▶ Available data
━━━━━━━━━━━━━━━━━━━━━━━━━━━━━━

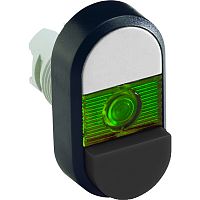 ABB Кнопка двойная MPD17-11G  (белая/черная-выступающая) зеленая линза с текстом  (I/O)  (1SFA611146R1102)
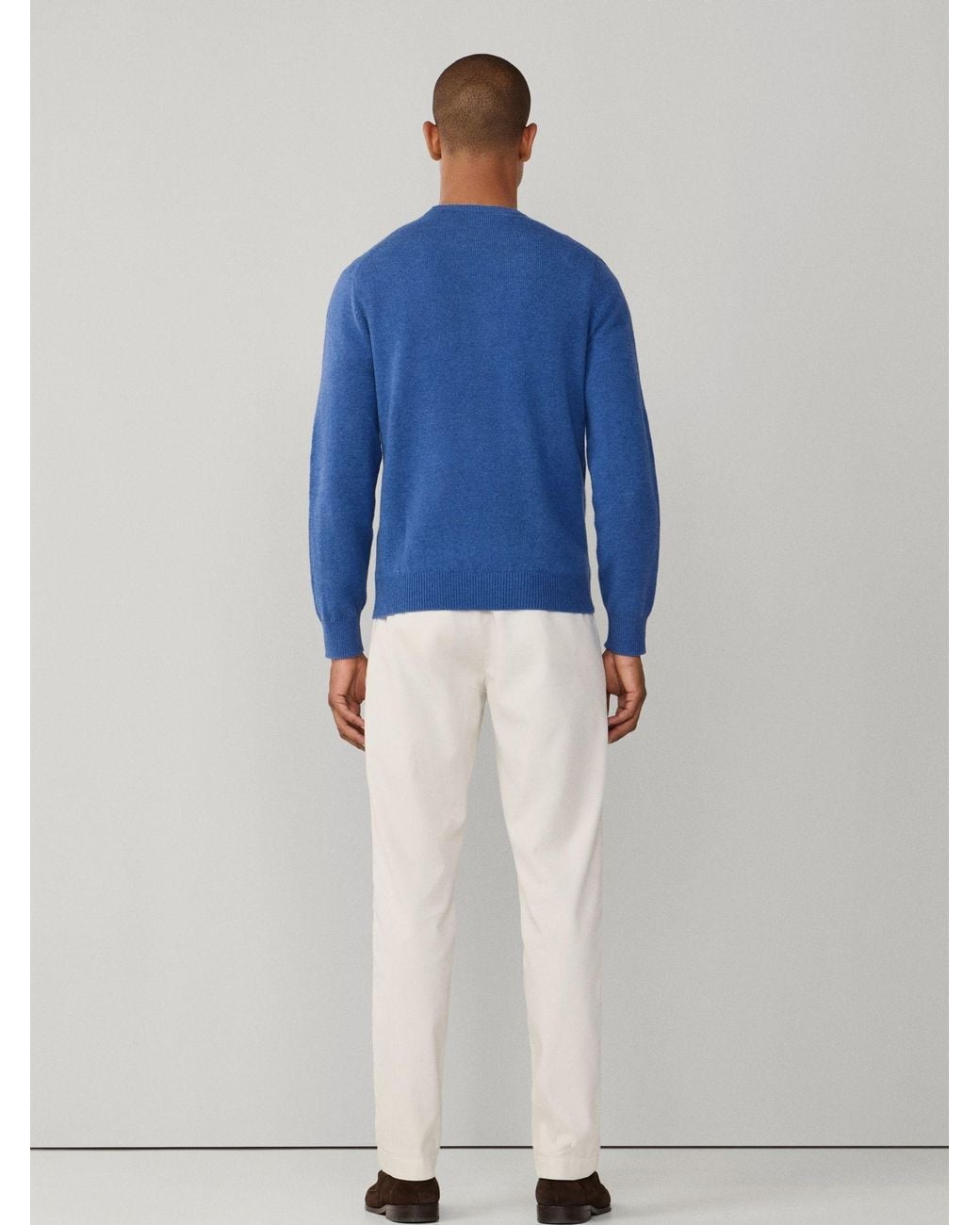 Hackett Blue Lambswool Crew Neck Jumper for men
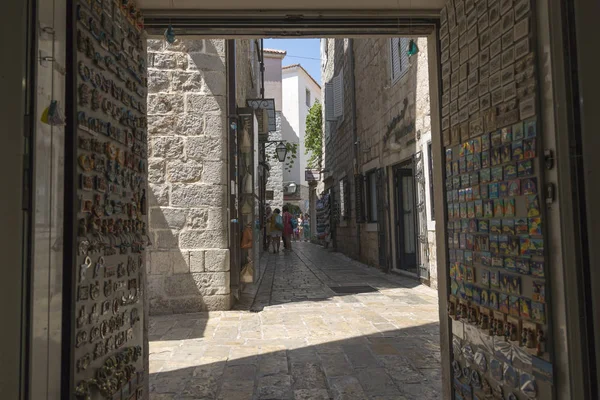 Budva Montenegro Augustus 2017 Smalle Straatjes Van Oude Stad — Stockfoto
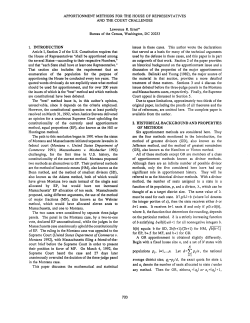apportionment methods for the house of representatives and the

━━━━━━━━━━━━━━━━━━━━━━━━━━━━━━

▶ Work instruction
Exact copy, pictures removed: set down the whole listing above.

▶ Answer below
 ABB Кнопка двойная MPD17-11G  (белая/черная-выступающая) зеленая линза с текстом  (I/O)  (1SFA611146R1102)
 Hackett Blue Lambswool Crew Neck Jumper for men
 Budva Montenegro Augustus 2017 Smalle Straatjes Van Oude Stad — Stockfoto
apportionment methods for the house of representatives and the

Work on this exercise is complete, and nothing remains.